What is going on in this Resort. For a long time the resales were listed at levels, from as low as $900, to a high of $5,000.00. Now at Redweek and in TUG the listings have doubled to as much as $10,000.00. 
I almost bought there last year and te developer prices were around $5000.00 . Did I miss something?
"is there gold in them hills?"


----------



## Tacoma (Apr 16, 2006)

It is at he start of a major renovation of the rooms.  Owners are paying about $600 per week for a one bedroom and about $900 a week for a 2 bedroom.  With GST each of my 2 bedrooms is over $1000 in renovations.  I would assume people are hoping values would go up.

Joan


----------



## Darlene (Apr 18, 2006)

The management company was siphoning off the maintaince fees for years and not doing any repairs or upkeep.  The resort went into bankruptcy about 3 years ago, and the owners stepped up, fired the maintaince company, took over the resorts debts, and started re-building it.  Many owners sold out at low prices during that time, with the new owners taking on the additional assessments.  Now that the resort is back on track, I'm sure the prices are going to go up.  $10,000 US would be $12,500 Canadian - a bit pricey.  It depends if you really want to use or just trade.
Darlene


----------



## Jameson18 (Apr 20, 2006)

too bad it looked like a good place to pick up a unit for vacation. Banff has changed a lot in the past few years, became more commercial and you really have to go far to get away from the crowds and the built up areas. Maybe its a good thing the prices have gone up, time to look for another spot.


----------



## barto (Apr 26, 2006)

Darlene said:
			
		

> The management company was siphoning off the maintaince fees for years and not doing any repairs or upkeep.  The resort went into bankruptcy about 3 years ago, and the owners stepped up, fired the maintaince company, took over the resorts debts, and started re-building it.  Many owners sold out at low prices during that time, with the new owners taking on the additional assessments.  Now that the resort is back on track, I'm sure the prices are going to go up.  $10,000 US would be $12,500 Canadian - a bit pricey.  It depends if you really want to use or just trade.
> Darlene



Darlene, it looks like you're talking about what's now know as Banff Gate Mountain Resort (RCI #2119), not Banff Rocky Mountain Resort (1637).
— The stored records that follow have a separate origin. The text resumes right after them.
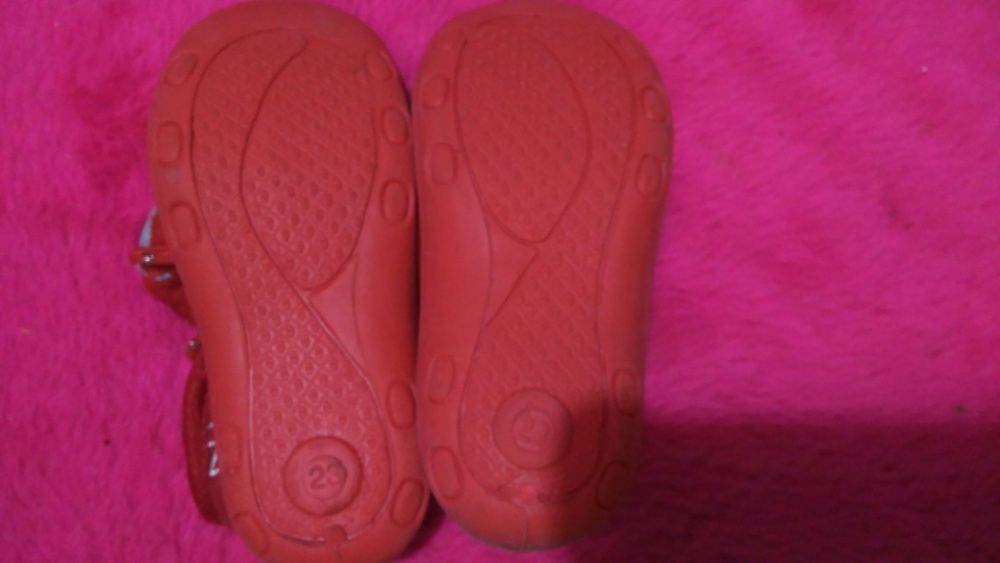 Pantufas ou Botinhas, muito fofinhas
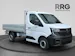 Renault Master T35 Blue dCi 150 L2H1 Brücke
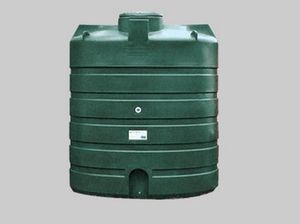 grey water storage tank 1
Banff Gate Mtn Resort (BGMR) used to be known as Alpine Resort Haven, and they had the troubles you described.  There haven't been any additional assessments to owners after the initial $1800-ish at the time of the owners buying it out.  We bought there about 1.5 yrs ago and have been generally quite happy with it.  This is the one that's above Dead Man's Flats, just east of Canmore.

Banff Rocky Mtn Resort (BRMR) is the one right inside the Banff National Park, just outside of the townsite.  It's been managed by Royal Host for at least 10 years, which is the same company now managing BGMR.  We've owned at BRMR for about 6 years, maybe 7.  This is the resort that's started a renovation program for all their condo units and implemented an extra fee to owners to pay for it.  Should be finished in 2-4 years, as  I recall.  
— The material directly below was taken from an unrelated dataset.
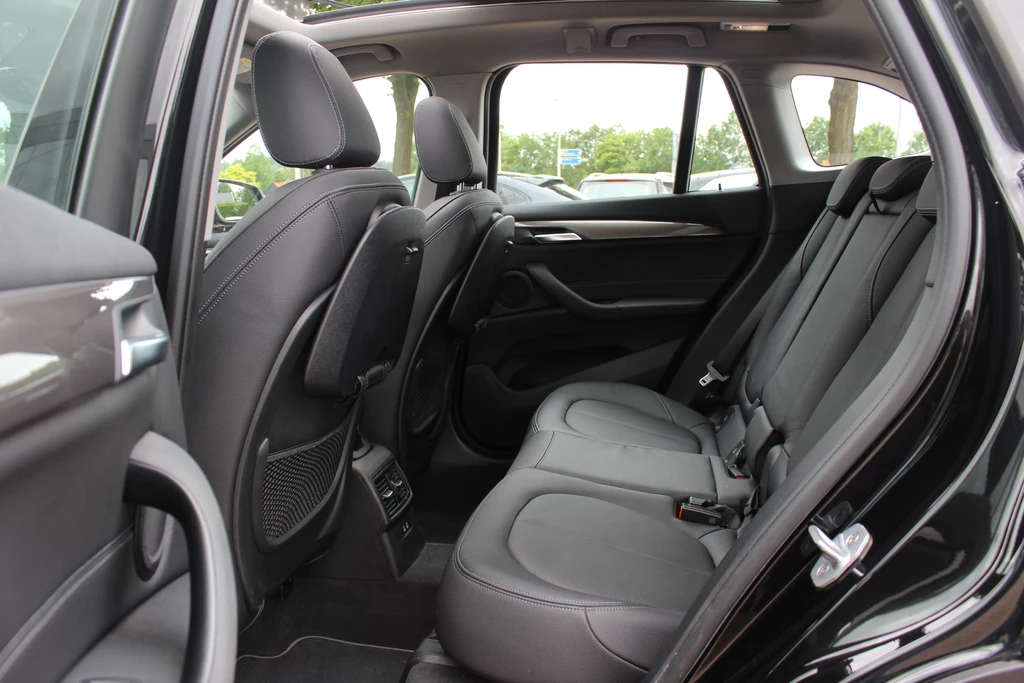 BMW X1 – foto 13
Rainstud, I suspect any big increase in BRMR units on here is just a coincidence, that those putting up ads are ones looking for a good price.  If you look around, you should be able to find ones elsewhere for less.  Of course, summer 2-bdrm units still command a premium!

Also, you're right about it getting busier and more commercial in the Banff/Canmore area, but there are still plenty of less-travelled places to go.  Kananaskis Country is our new favorite, but we're still discovering other places off the beaten path even after 10 years of visiting there!

Hope this helps to clarify the situation.

Bart


----------



## djyamyam (May 16, 2006)

barto said:
			
		

> Of course, summer 2-bdrm units still command a premium!
> 
> Bart



Would a week 25 still be considered prime?  I know the kids aren't quite out yet in AB but they are in other areas.  I know the weather's great but what about demand?


----------



## barto (Jun 21, 2006)

djyamyam said:
			
		

> Would a week 25 still be considered prime?  I know the kids aren't quite out yet in AB but they are in other areas.  I know the weather's great but what about demand?



I can't imagine this being as good as a July or August week, but it's a pretty good week, IMO.  I'd love to switch our week #9 for a June week, since we don't really ski much.

Bart


----------